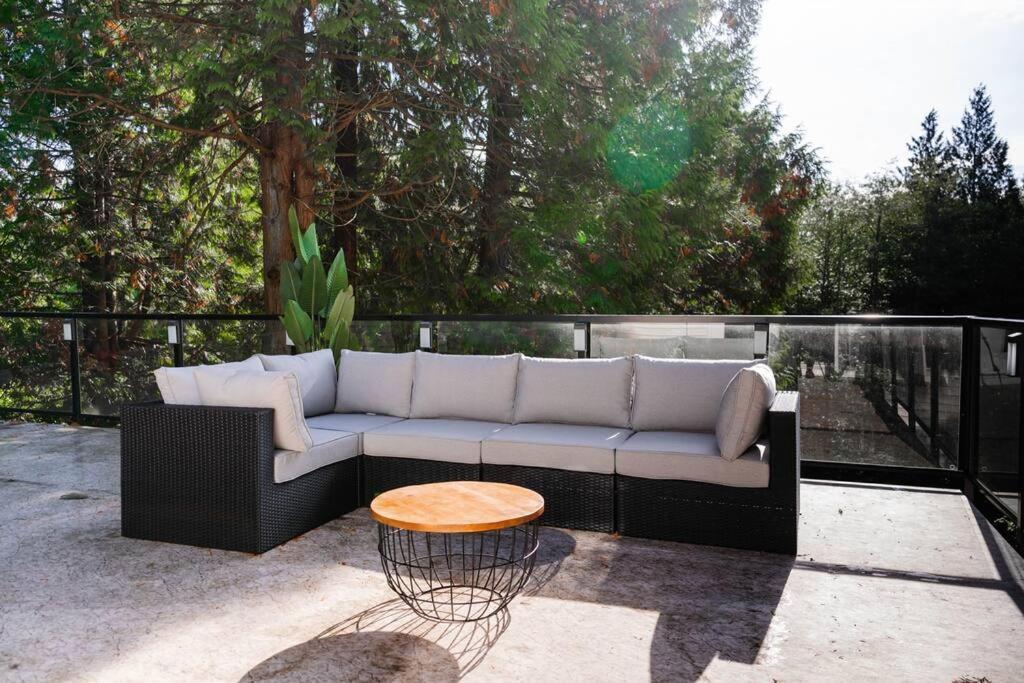 Hidden Hills Luxury Estate * Surrey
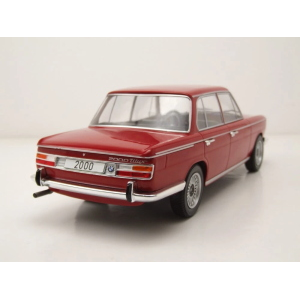 BMW 2000 (TYP 121) 1966 DARK RED 1:18 ModelCarGroup Auto Stradali Modellino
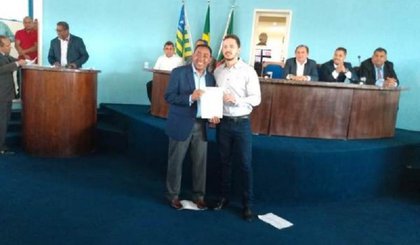 Posse dos aprovados do concurso de Floriano (Foto: Reprodução)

——

## What is expected
Reproduce the data in full. Do not carry over any picture.

## Solution
 Hidden Hills Luxury Estate * Surrey
 BMW 2000 (TYP 121) 1966 DARK RED 1:18 ModelCarGroup Auto Stradali Modellino
 Posse dos aprovados do concurso de Floriano (Foto: Reprodução)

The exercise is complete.